Image-text web data
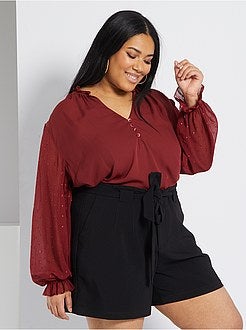 Blusa com folhos e ponto cheio - Kiabi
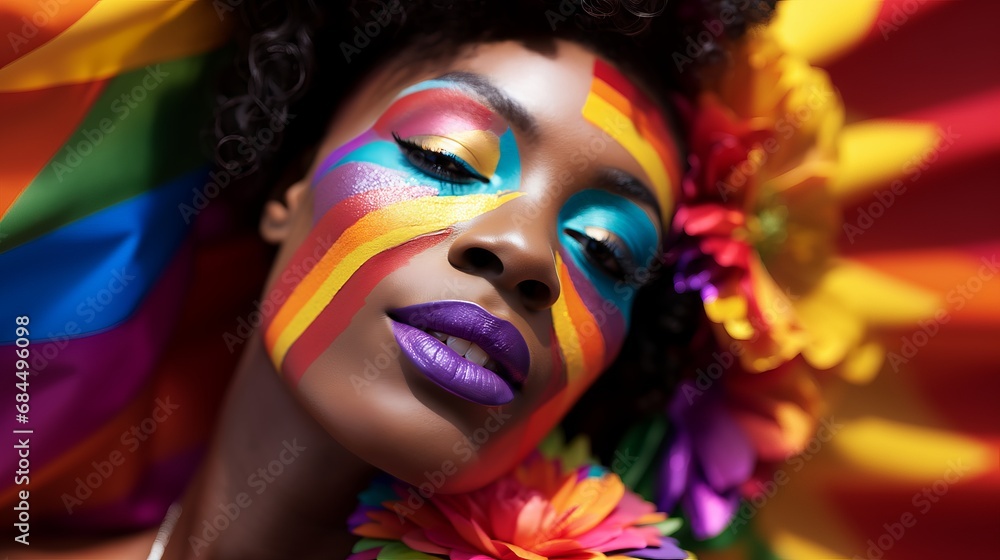 A Woman with Vibrant Makeup and Rainbow Flowers, LGBTQI+ Celebration. Gay Pride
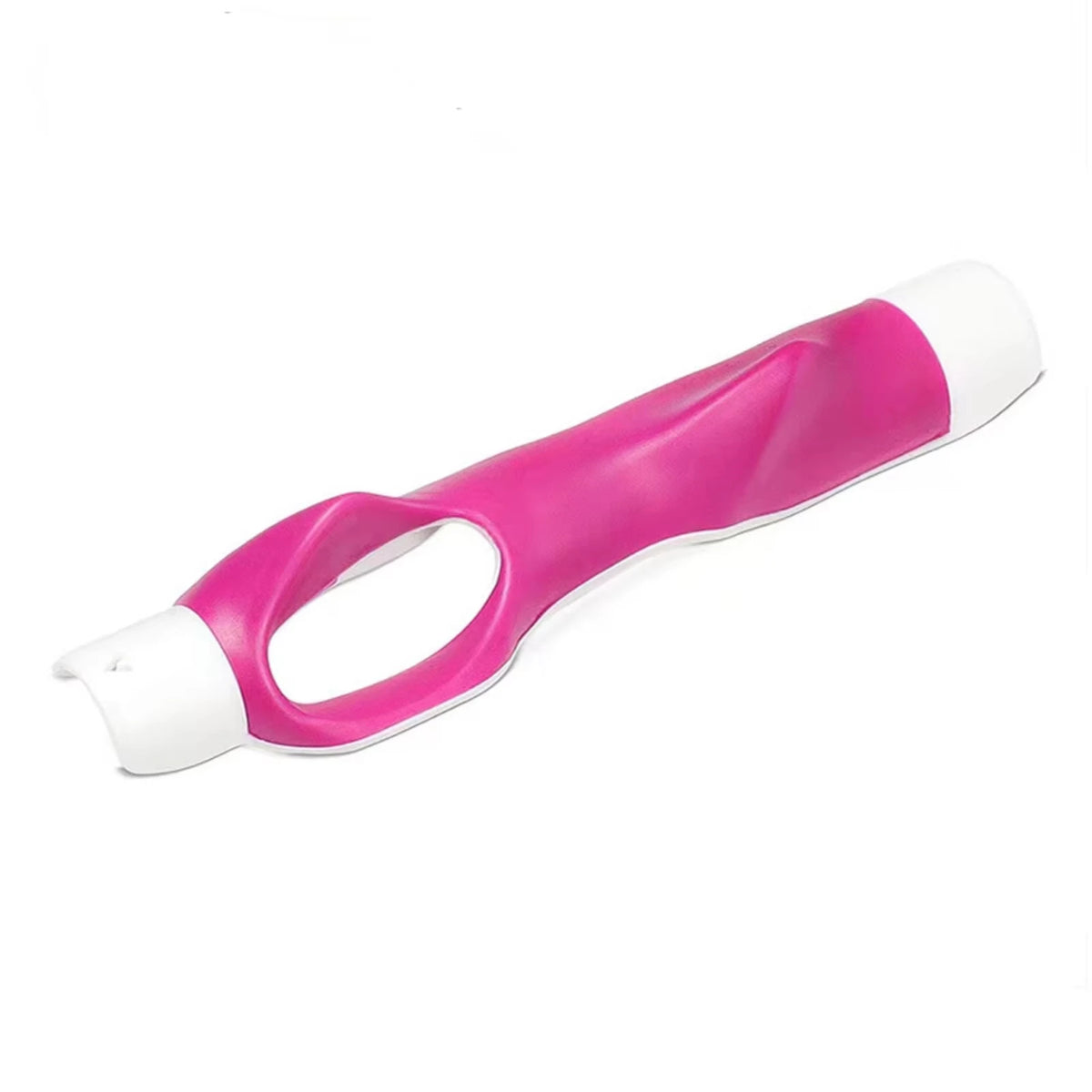 A pink and white portable golf swing grip trainer tool.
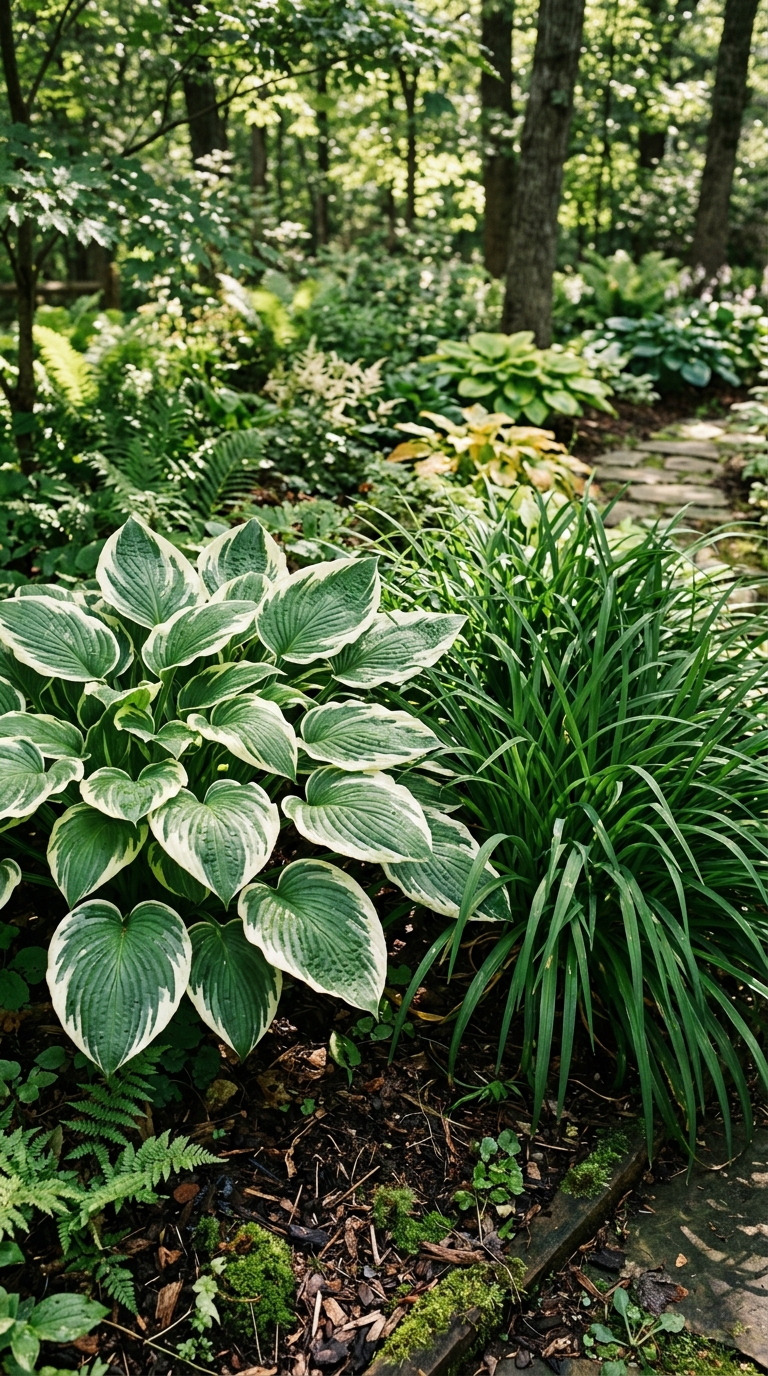 Variegated hosta planted as a foliage-contrast companion to daylilies
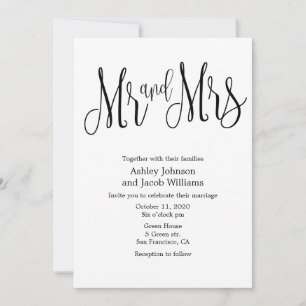 Invitación de boda de tipografía. Invita el Sr y l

▶ _Problem description_
Once the line containing "A pink and white" is found, it and every line through the end of the records above should be output exactly, with no pictures.

▶ _Exercise result_
 A pink and white portable golf swing grip trainer tool.
 Variegated hosta planted as a foliage-contrast companion to daylilies
 Invitación de boda de tipografía. Invita el Sr y l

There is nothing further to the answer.